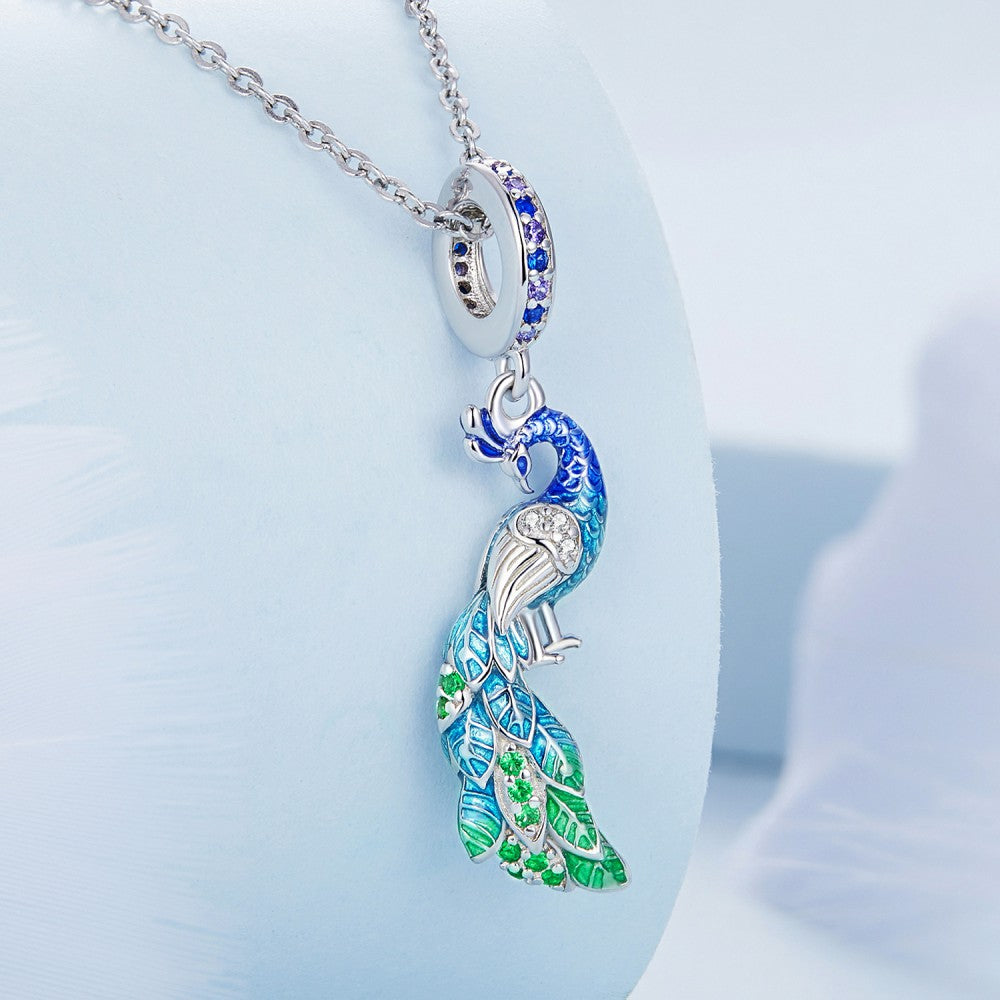 Blauer Pfau-Anhänger aus 925er Sterlingsilber, YB2426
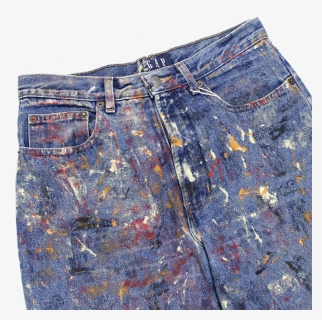Painted Blue Jeans - Pocket, HD Png Download, Free Download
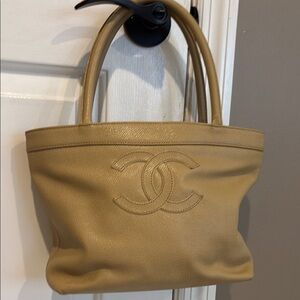Chanel Tan Leather Tote Bag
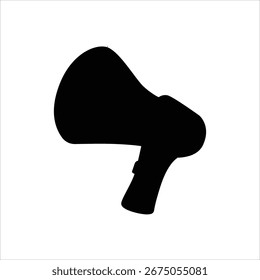 Ilustración vectorial de megáfono negro sobre blanco
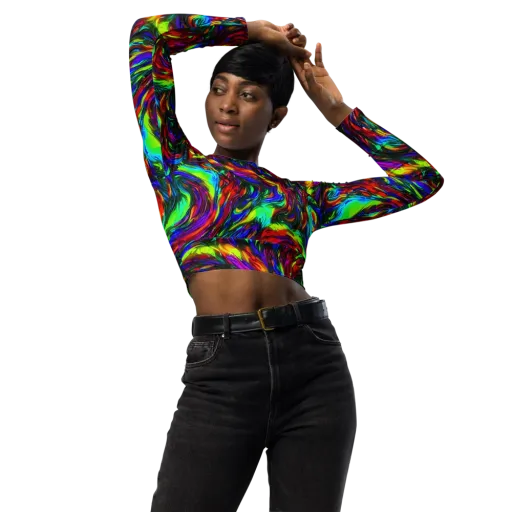 Calraet Swirl on a Long Sleeve Crop Top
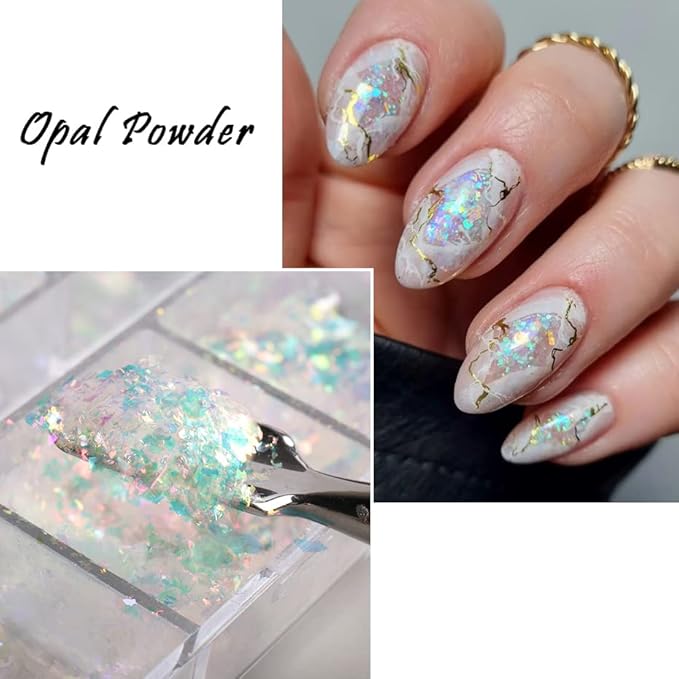 Holographic Iridescent Nail Art Nail Glitter KALEFUL Powder Aurora Foil Sequins Flakes Paillettes Designs Manicure Nail Decorations - 12 Grids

Exercise instructions:
Your task is to retype exactly, and only, the lines from the one that holds "Ilustración vectorial de" through the end of the listing, both end lines included, without any pictures.

Output for this task:
 Ilustración vectorial de megáfono negro sobre blanco
 Calraet Swirl on a Long Sleeve Crop Top
 Holographic Iridescent Nail Art Nail Glitter KALEFUL Powder Aurora Foil Sequins Flakes Paillettes Designs Manicure Nail Decorations - 12 Grids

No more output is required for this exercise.